The picture headlining this post is a model you could buy in any reasonable quantity you wanted (even by the case! :-) ) for ~$40-$50, depending on where and when. It’s gorgeously correct, with tiny nose whisker bumps, adorable wrinkle spots, and excellent biomechanical fidelity. It’s performance-friendly, ready to compete in pretty much any kind of model horse performance class you can imagine, strategically sculpted to accommodate tack or even a marathon carriage. This particular colorway, a portrait model made to follow a real life successful show horse, has adorable little nose spots, really nice shading and dapples, painted shoes, and a detailed and flattering blaze.
My Catch Me has been very successful showing in performance, both live and photo, including against resins and customs.
As a teenager of the 1980s, I would have been hard pressed to find a custom horse this nice, and whatever I could have found would have cost far more money in absolute dollars (not just adjusted dollars). Customs in that time were sold sight unseen via text lists, and they had none of this sophistication. Neither the paint or the sculpting was as nice. And there was a huge amount of luck involved in finding out what was for sale and being the first one to send for it.

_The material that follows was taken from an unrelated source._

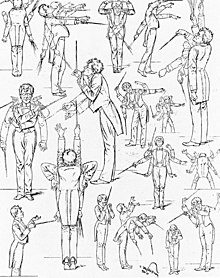 A series of line drawings of a man in exaggerated poses, holding a conductor's baton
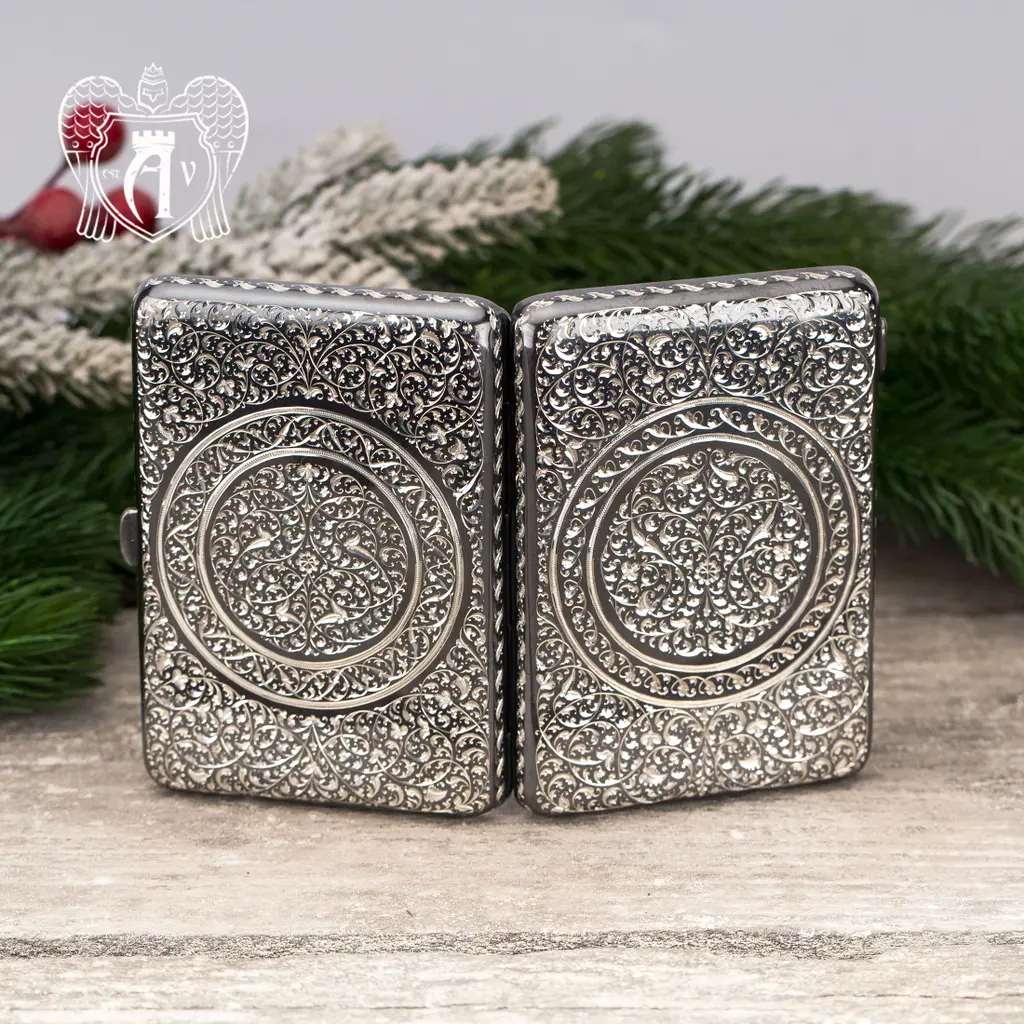 Портсигар из серебра «Морис» - фото 2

I always wanted a horse from one of Julie Froelich’s lists, but never managed to be the first person to send my money. It wasn’t until the mid 90’s when artist-produced resins became a viable business model, where artists suddenly found a way that they could do their art full time and still pay their rent, and that created a huge expansion of supply of nice horses that people could find and buy. (The beginnings of the hobby finding the internet via Haynet and others helped a little too.)
Today Catch Me (and the other color variations on this mold, known as True North) is readily available to everyone. And if you don’t like this particular horse, Breyer has a dozen others just as nice for whatever type of horse you like, in all kinds of glorious realistic and interestingly arty deco colors. Like today you could have a very interesting collection of just jumping horses, horses in the air, and not just the clunky old Jumping Horse who was oddly positioned on his tiny, broken down wall and only came in Overspray Bay.
Breyerfest Special Run Bristol, sculpted by Morgen Kilbourn, “Jump and Drive,” in glossy sooty buckskin splash, produced in 2023
Breyer produces horses at literally every price point, from tiny Mini Whinnies and Stablemates that are under $5 at full retail to one of a kinds auctioned off in the five figures. You can join the Premier Club for three brand new sculptures with specially chosen highly detailed paintwork for around $200 each.
Even at the toy level, Breyer is killing it with their wonderful playsets, items I would have desperately wanted as a kid, like the camping set or the veterinarian set or the stall mucking set. Just so fun.
If you don’t find what you want at Breyer, we have the revitalized Stone, with a little different strategy, selling only into the hobby and specializing in mostly one of a kind highly detailed artist pieces. They’ve pioneered factory customization, repositioning parts and creating different manes and tails and even some quite drastic resculpting. Once obscure and hard to buy, today they have one-of-a-kind factory customs for sale every week at auction, breathtaking and original pieces that range from highly realistic to incredibly creative deco pieces.
The artist-led market is amazing and has gone in my collecting time from being a situation where you might want to have bought every artist resin produced to being impossible to purchase even all the ones you love, just because of the sheer volume. I can’t even count all the artists who are able to do production full time now, which has been remarkable not just for producing more horses, but for absolute leapfrogging in what is state of the art, in what can be produced in sculpture and reproduced in resin and china castings. Not to mention how much Breyer and Stone have tapped into these very skilled artists.
We have amazing pieces coming out constantly ranging from tiny micros to even 1:6 scale horses, and a whole new culture around bas-relief “medallions” as well. The creativity and out of the box thinking has never been larger, and with the help of services like YouTube and events like NaMoPaiMo, there are tutorials available for just about everything you want to try, thanks to the generous people who take the time to share their knowledge.
So thanks to everyone who has made the dreams of my childhood come true. It is absolutely a delight to get to enjoy so many fabulous pieces every day.